Should pictures appear among the records, leave them out, and copy exactly only the lines from the first through the one with "This natural data", inclusive.
[[ Data in this exercise, beginning ]]
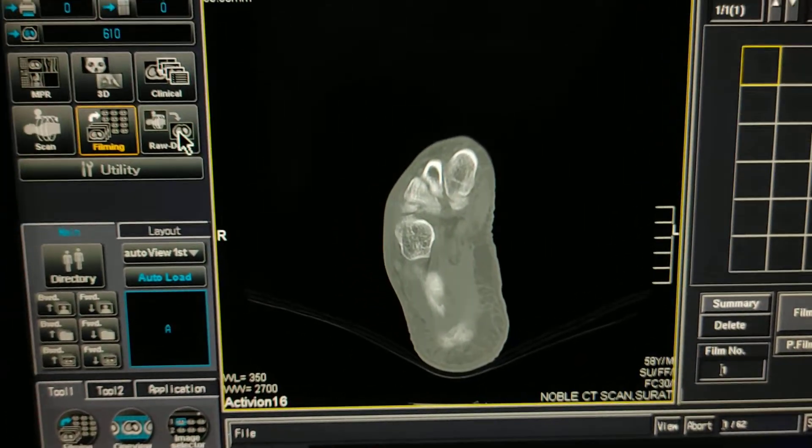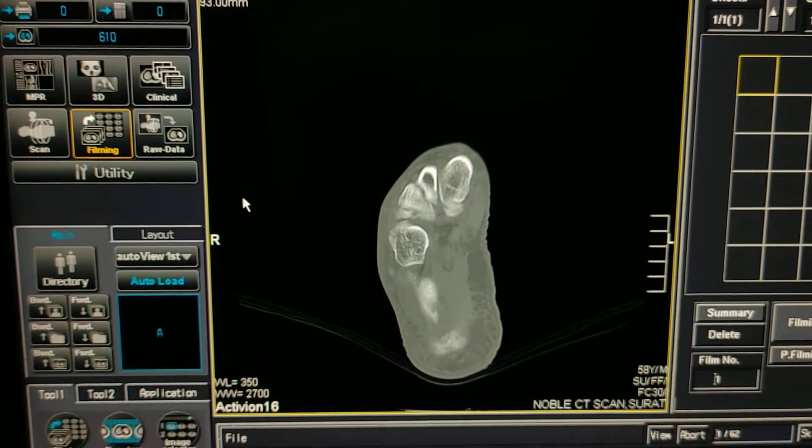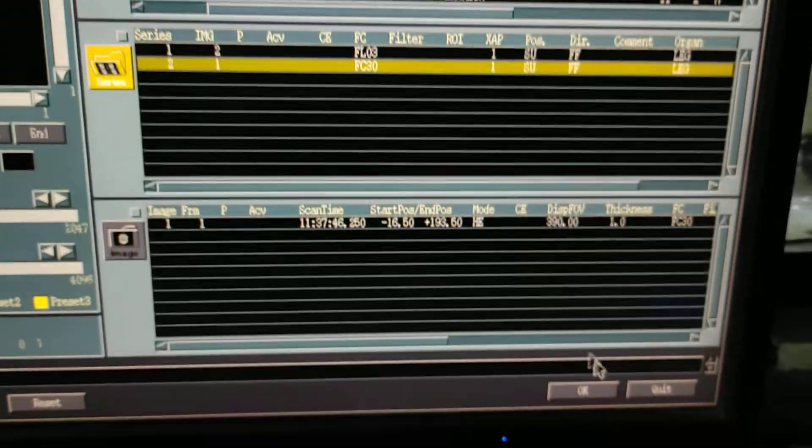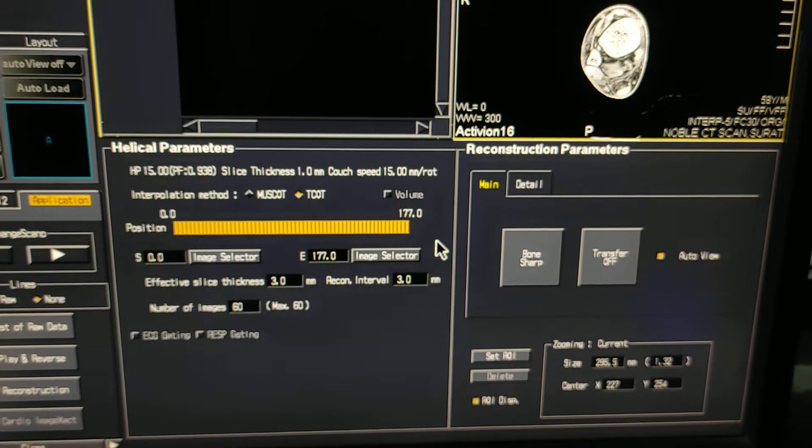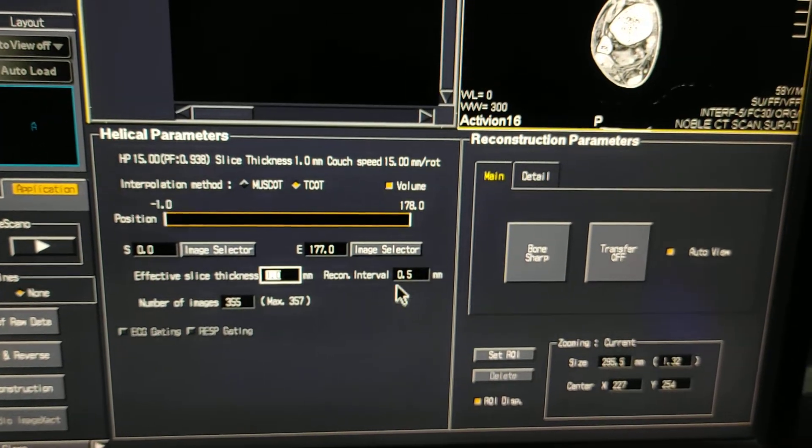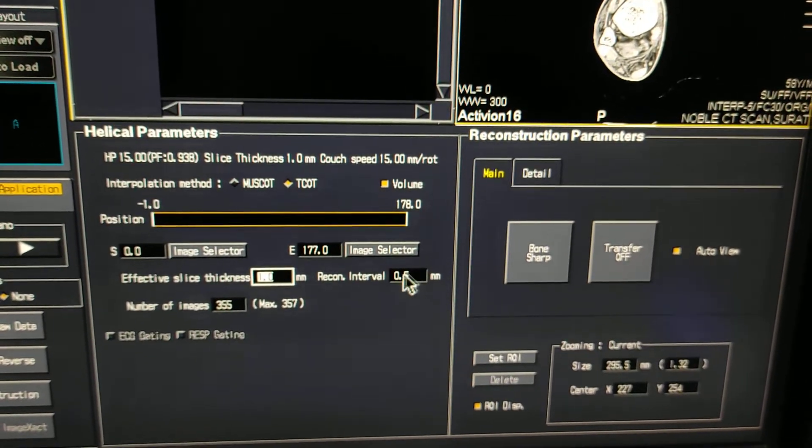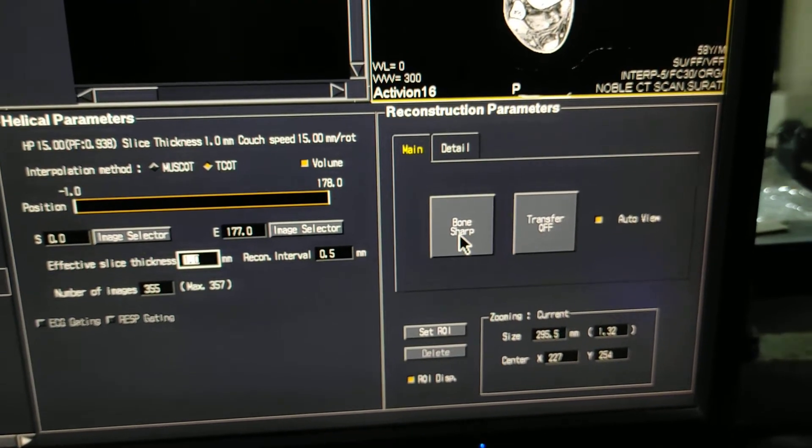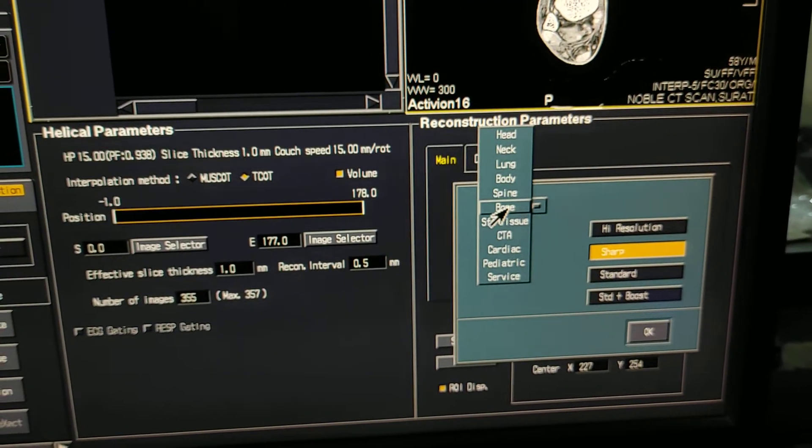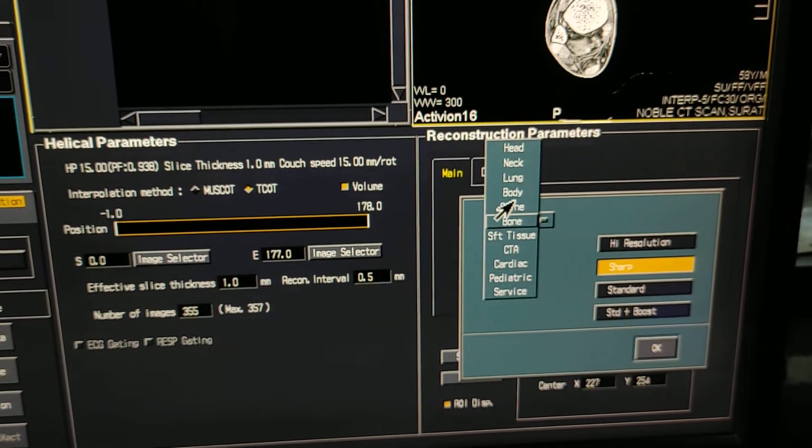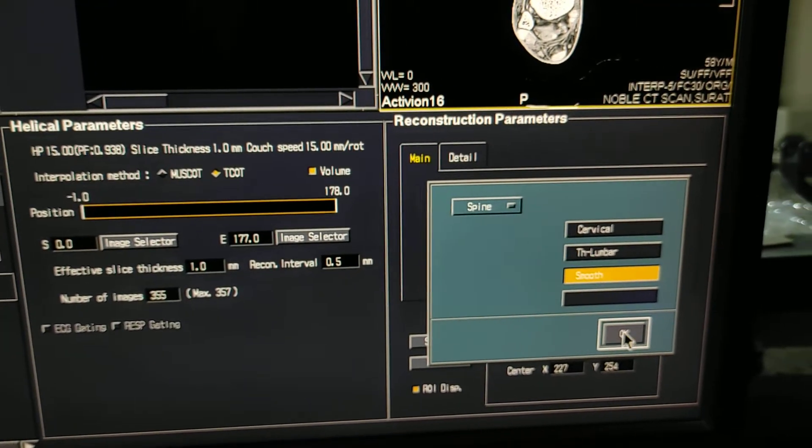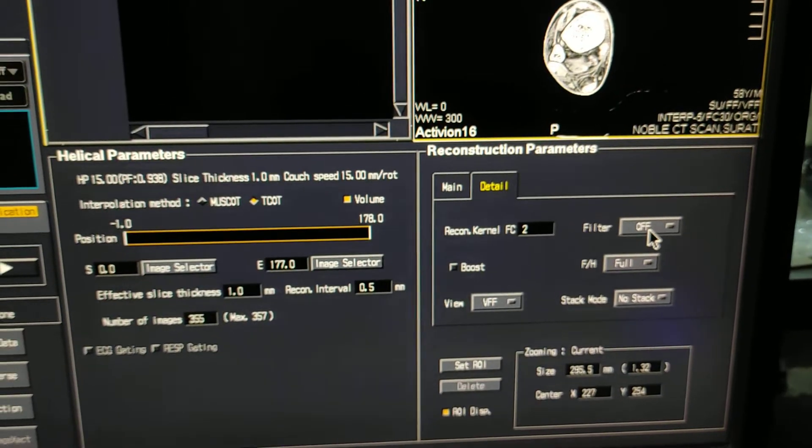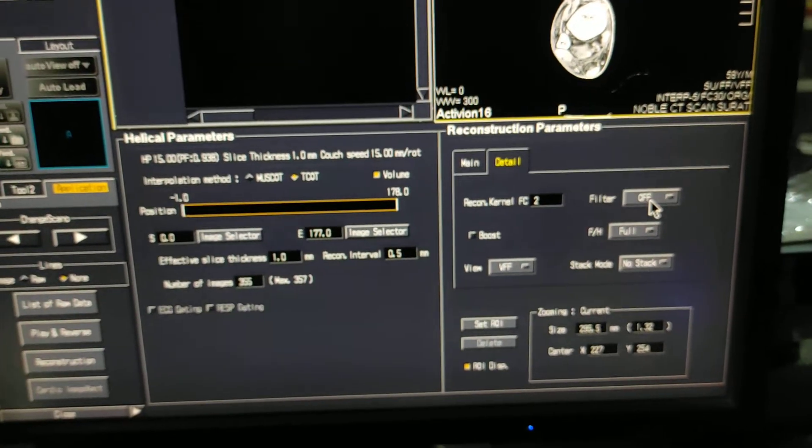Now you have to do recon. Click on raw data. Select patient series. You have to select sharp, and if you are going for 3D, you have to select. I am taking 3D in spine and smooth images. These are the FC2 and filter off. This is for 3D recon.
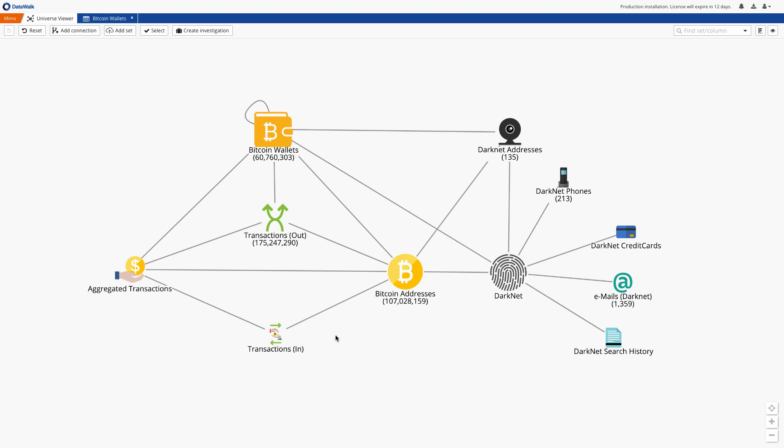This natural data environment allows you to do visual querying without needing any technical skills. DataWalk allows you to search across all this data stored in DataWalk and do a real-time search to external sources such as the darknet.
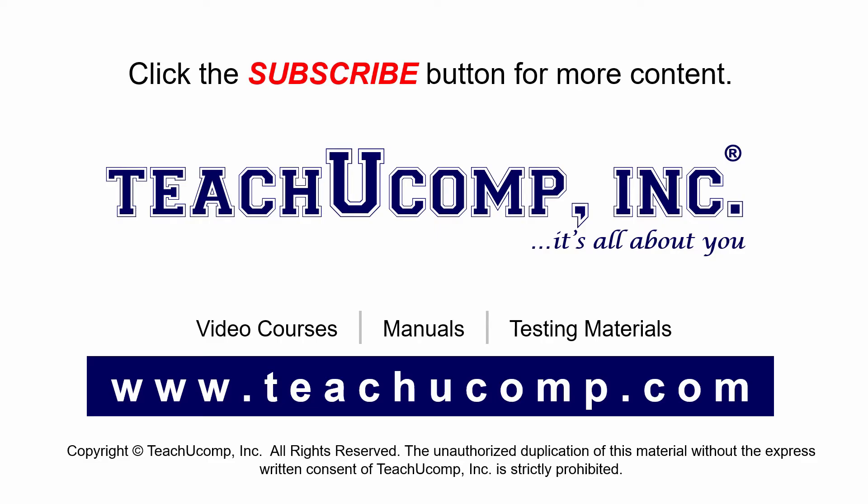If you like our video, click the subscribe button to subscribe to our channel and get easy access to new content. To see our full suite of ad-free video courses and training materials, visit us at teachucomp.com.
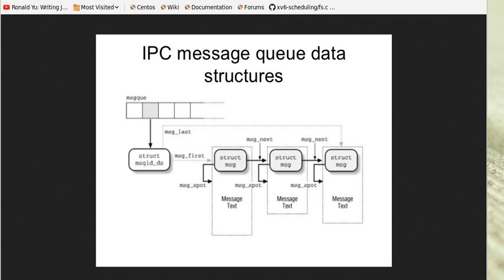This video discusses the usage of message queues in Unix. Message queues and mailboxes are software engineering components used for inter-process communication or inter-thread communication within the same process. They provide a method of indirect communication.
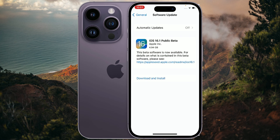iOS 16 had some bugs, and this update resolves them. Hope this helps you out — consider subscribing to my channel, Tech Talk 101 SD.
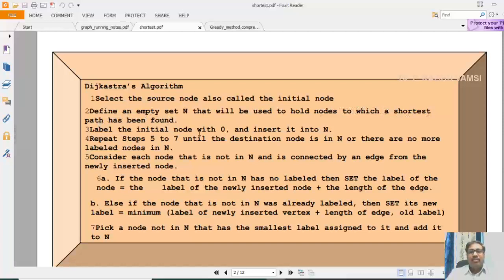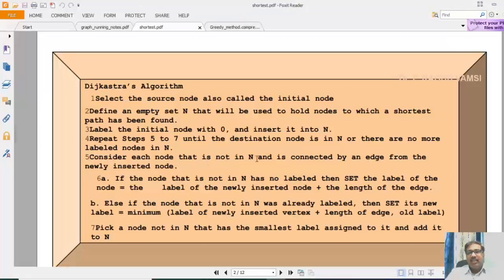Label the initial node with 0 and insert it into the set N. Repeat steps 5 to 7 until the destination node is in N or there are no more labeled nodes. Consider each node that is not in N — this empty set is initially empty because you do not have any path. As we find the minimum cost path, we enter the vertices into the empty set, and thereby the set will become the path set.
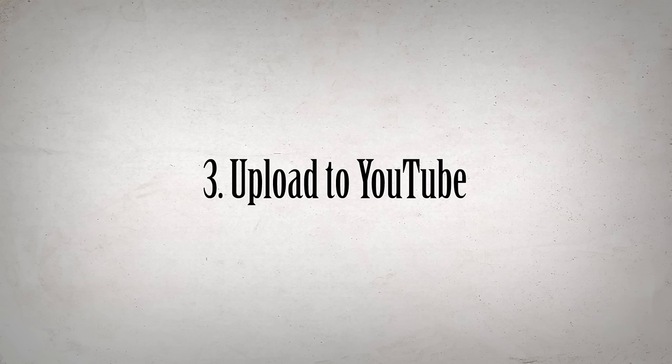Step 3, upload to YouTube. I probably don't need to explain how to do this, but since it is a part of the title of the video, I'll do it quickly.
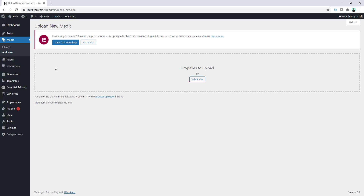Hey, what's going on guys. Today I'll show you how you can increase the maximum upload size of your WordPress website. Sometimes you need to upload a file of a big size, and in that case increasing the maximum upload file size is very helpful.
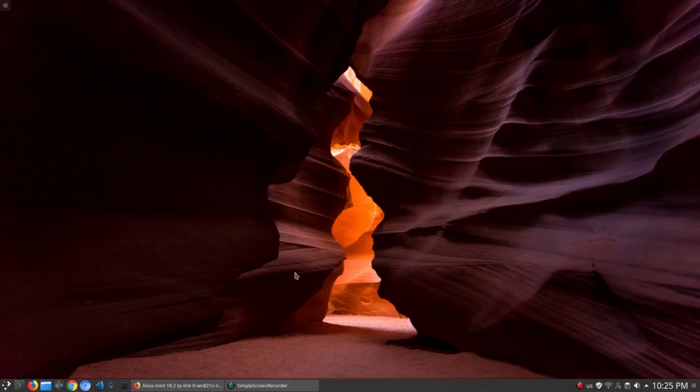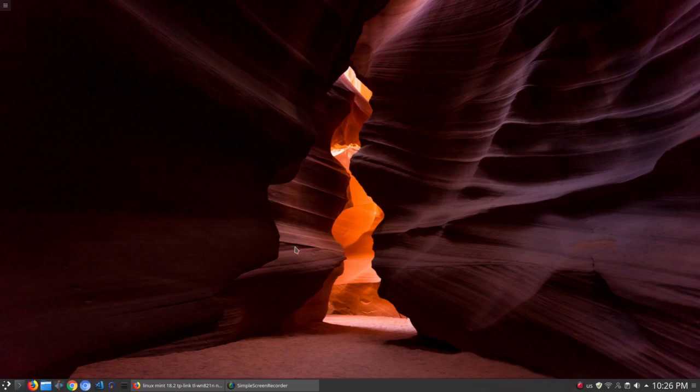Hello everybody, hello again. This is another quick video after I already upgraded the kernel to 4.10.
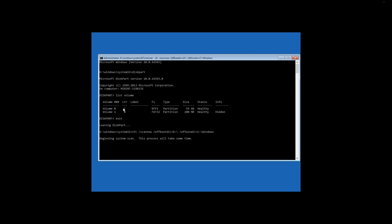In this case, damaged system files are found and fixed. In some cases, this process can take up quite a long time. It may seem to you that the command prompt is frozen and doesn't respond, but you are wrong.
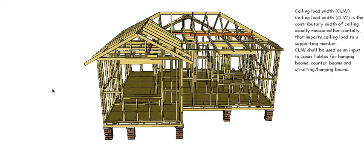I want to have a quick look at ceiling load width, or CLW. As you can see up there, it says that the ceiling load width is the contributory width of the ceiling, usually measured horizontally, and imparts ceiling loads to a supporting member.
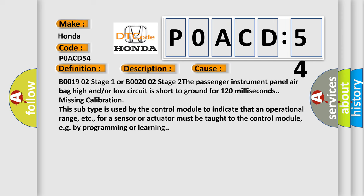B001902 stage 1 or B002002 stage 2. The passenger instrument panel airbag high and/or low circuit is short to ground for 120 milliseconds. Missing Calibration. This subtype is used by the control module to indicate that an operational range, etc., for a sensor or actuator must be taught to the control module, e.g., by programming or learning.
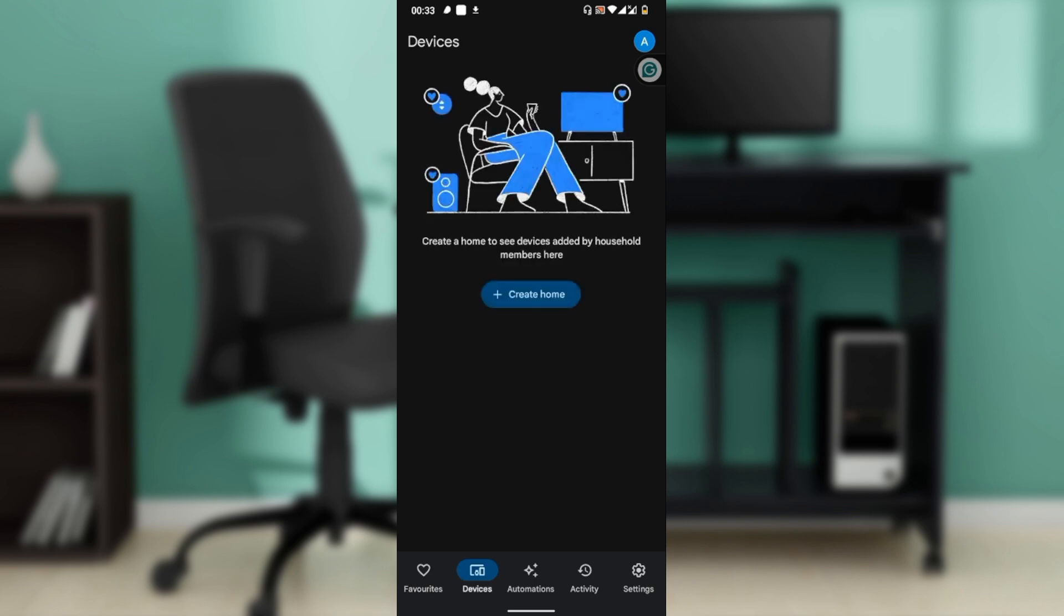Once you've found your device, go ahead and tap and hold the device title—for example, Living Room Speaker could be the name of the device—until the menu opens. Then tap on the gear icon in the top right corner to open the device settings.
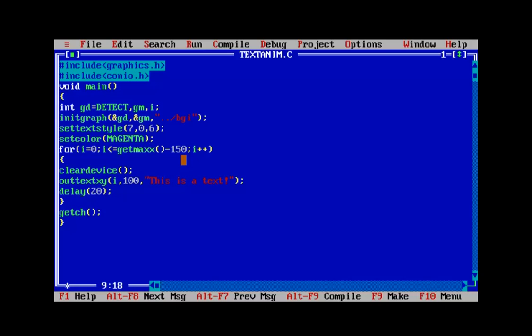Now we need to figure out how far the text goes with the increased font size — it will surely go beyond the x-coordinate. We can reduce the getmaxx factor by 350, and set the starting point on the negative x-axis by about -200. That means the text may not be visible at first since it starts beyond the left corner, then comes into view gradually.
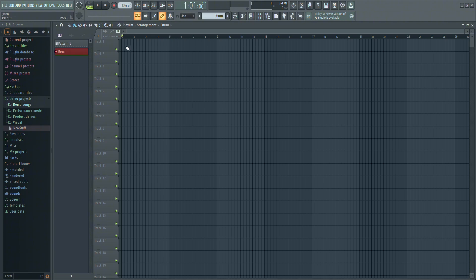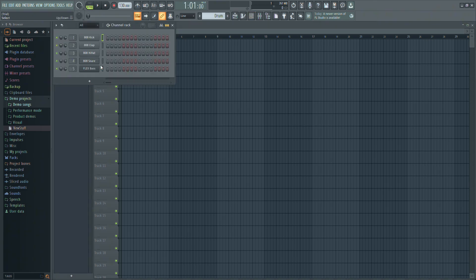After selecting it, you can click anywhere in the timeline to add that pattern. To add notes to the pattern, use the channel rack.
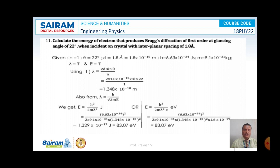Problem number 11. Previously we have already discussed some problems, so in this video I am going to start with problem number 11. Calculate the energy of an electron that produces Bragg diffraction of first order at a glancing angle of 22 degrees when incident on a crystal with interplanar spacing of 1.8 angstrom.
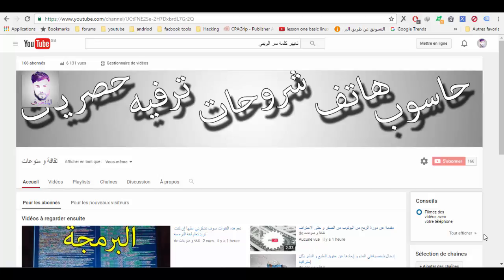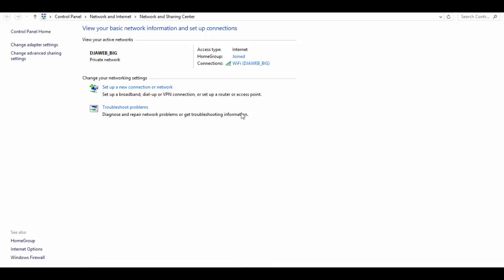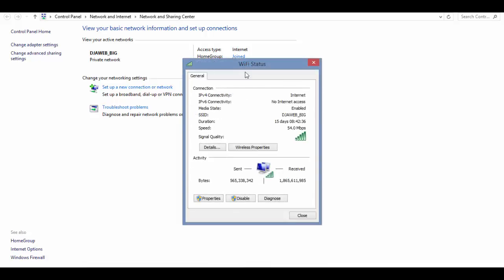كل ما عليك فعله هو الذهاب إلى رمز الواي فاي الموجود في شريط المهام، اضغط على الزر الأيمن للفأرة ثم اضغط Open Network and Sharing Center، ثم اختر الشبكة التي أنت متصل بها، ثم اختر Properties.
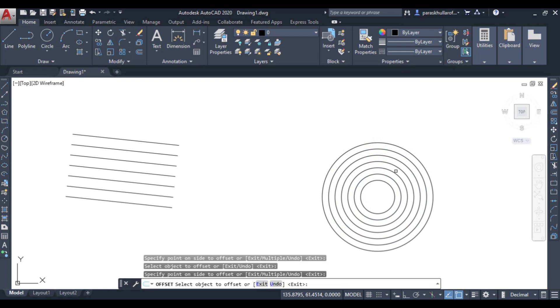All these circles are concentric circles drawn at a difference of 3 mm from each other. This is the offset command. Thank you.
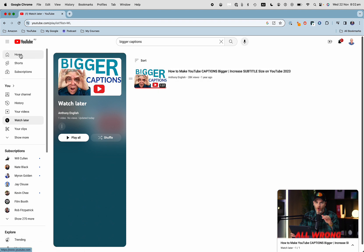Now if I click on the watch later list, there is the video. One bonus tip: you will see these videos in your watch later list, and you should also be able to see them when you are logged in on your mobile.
[[ Data in this exercise, end ]]
▶ _Solution to the problem_
Now you have to do recon. Click on raw data. Select patient series. You have to select sharp, and if you are going for 3D, you have to select. I am taking 3D in spine and smooth images. These are the FC2 and filter off. This is for 3D recon.
This natural data environment allows you to do visual querying without needing any technical skills. DataWalk allows you to search across all this data stored in DataWalk and do a real-time search to external sources such as the darknet.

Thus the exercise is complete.